* [TASK DESCRIPTION]:
Take from the entries below the stretch from the line with "Size: 1700x1300 |" through the line with "高档儿栏童拼厅图围婴宝宝卧室客爬行垫游戏毯加厚拼接泡沫地垫爬", and return it exactly, leaving the pictures out.

* [GIVEN INFORMATION]:
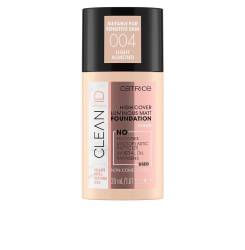 CLEAN ID high cover luminous matt foundation #004-light almond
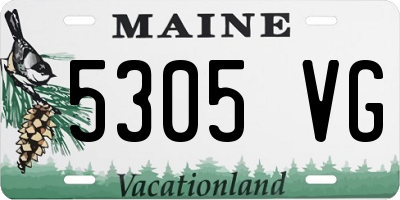 ME license plate 5305VG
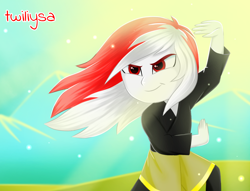 Size: 1700x1300 | Tagged: safe, artist:twiliysa, oc, oc only, oc:indonisty, equestria girls, g4, equestria girls-ified, female, indonesia, martial arts, nation ponies, pencak silat, solo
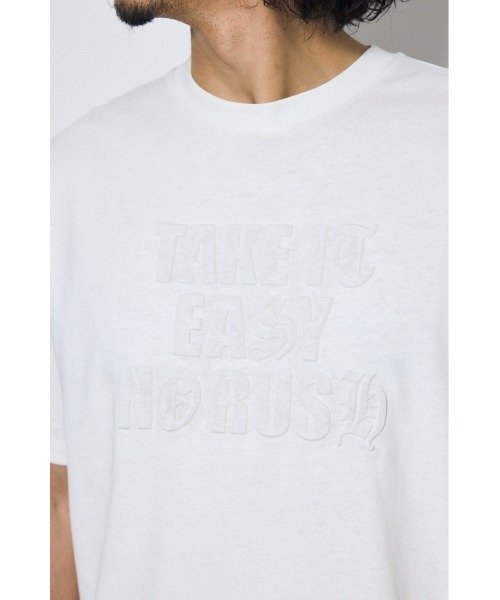 AZUL by moussy(アズールバイマウジー)の「エンボスロゴTシャツ(Tシャツ/カットソー・メンズ・ホワイト/ライトブルー/ライトブラック・LARGE/MEDIUM)」の19枚目の写真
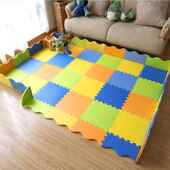 高档儿栏童拼厅图围婴宝宝卧室客爬行垫游戏毯加厚拼接泡沫地垫爬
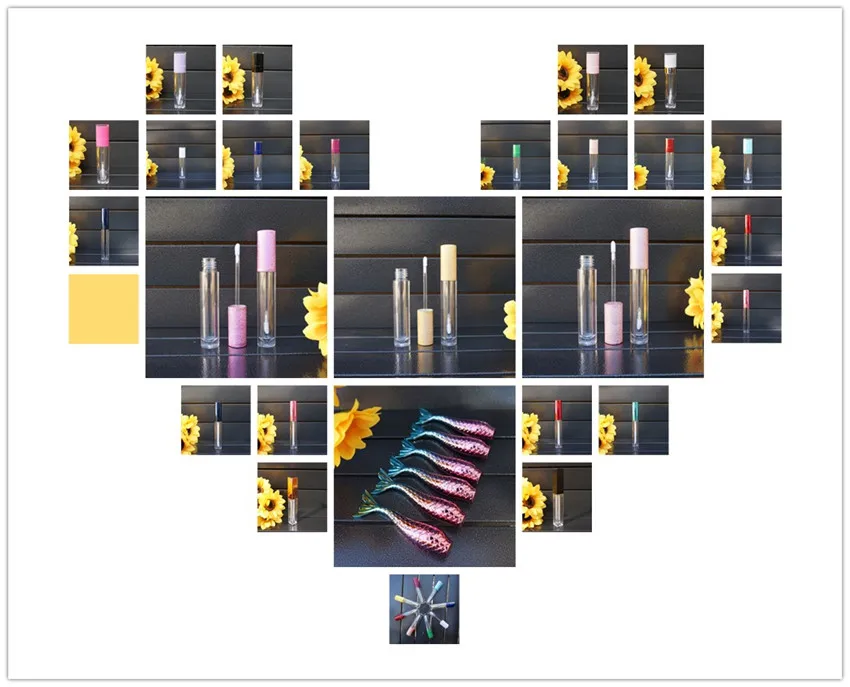 

100 Pcs Empty Lip Gloss Cosmetic Packaging Containers For Cosmetics Mascara Tube lipgloss tube wholesale
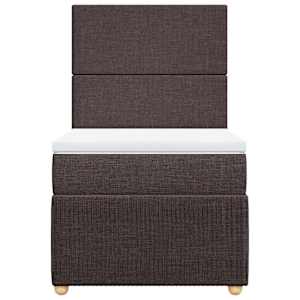 Box spring postel s matrací tmavě hnědá 80x200 cm textil - obrázek 6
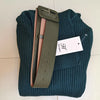 H Han Queen Knitted Turtleneck Sweater Bodycon Dress Bottoming Women Soft Elastic Autumn Winter Midi Party Dresses With Belt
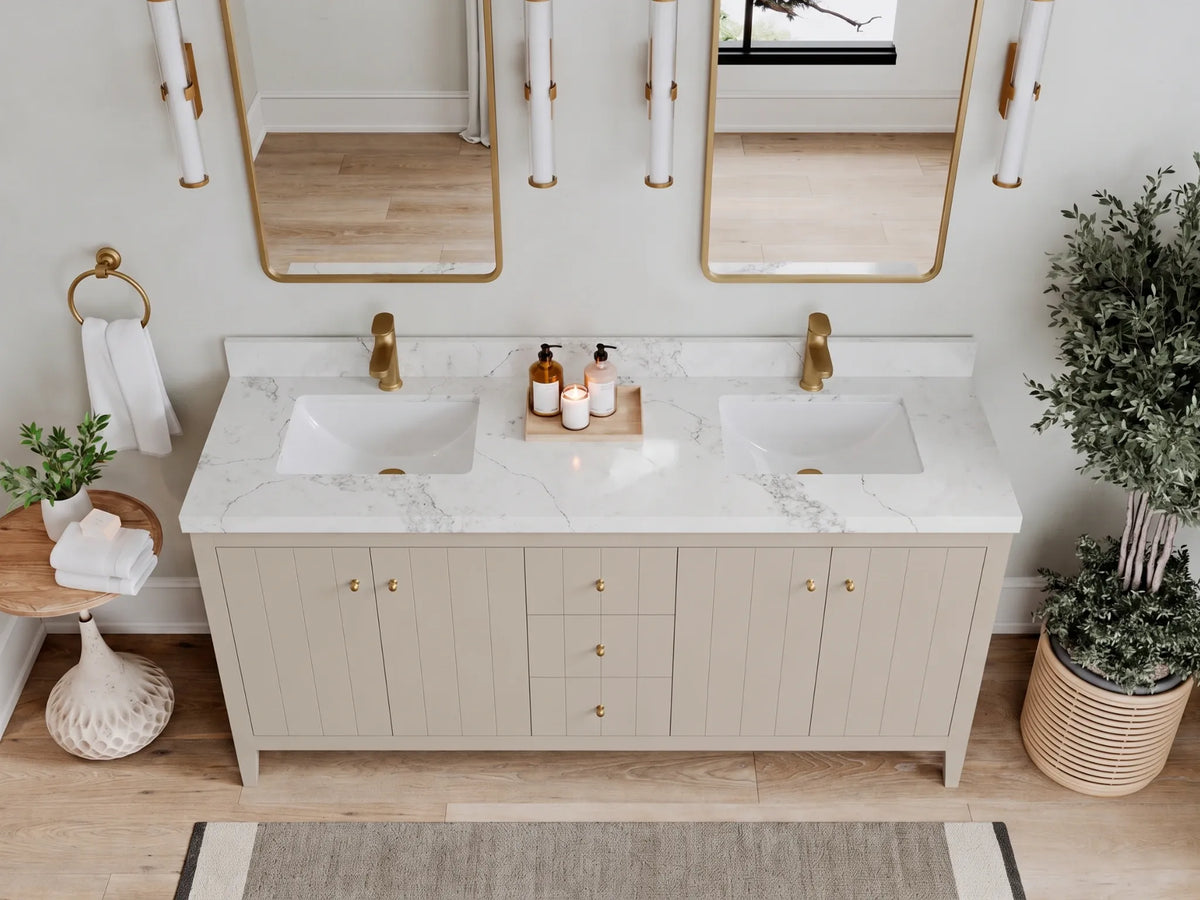Atlanta 72 in. W x 22 in. D Double Sink Bathroom Vanity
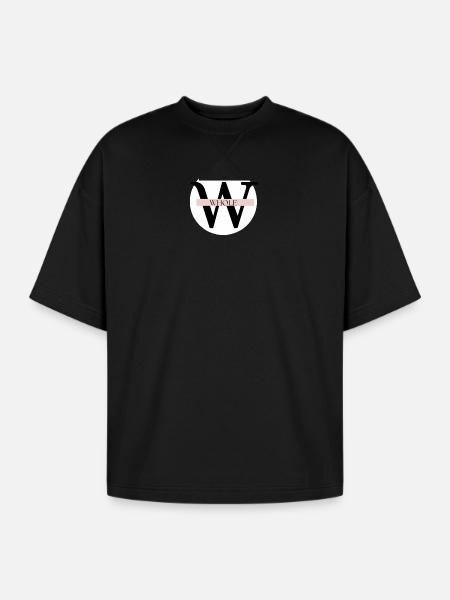 WHOLE - Oversized Unisex Short Sleeve Sweatshirt - black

* [RESULT]:
 Size: 1700x1300 | Tagged: safe, artist:twiliysa, oc, oc only, oc:indonisty, equestria girls, g4, equestria girls-ified, female, indonesia, martial arts, nation ponies, pencak silat, solo
 AZUL by moussy(アズールバイマウジー)の「エンボスロゴTシャツ(Tシャツ/カットソー・メンズ・ホワイト/ライトブルー/ライトブラック・LARGE/MEDIUM)」の19枚目の写真
 高档儿栏童拼厅图围婴宝宝卧室客爬行垫游戏毯加厚拼接泡沫地垫爬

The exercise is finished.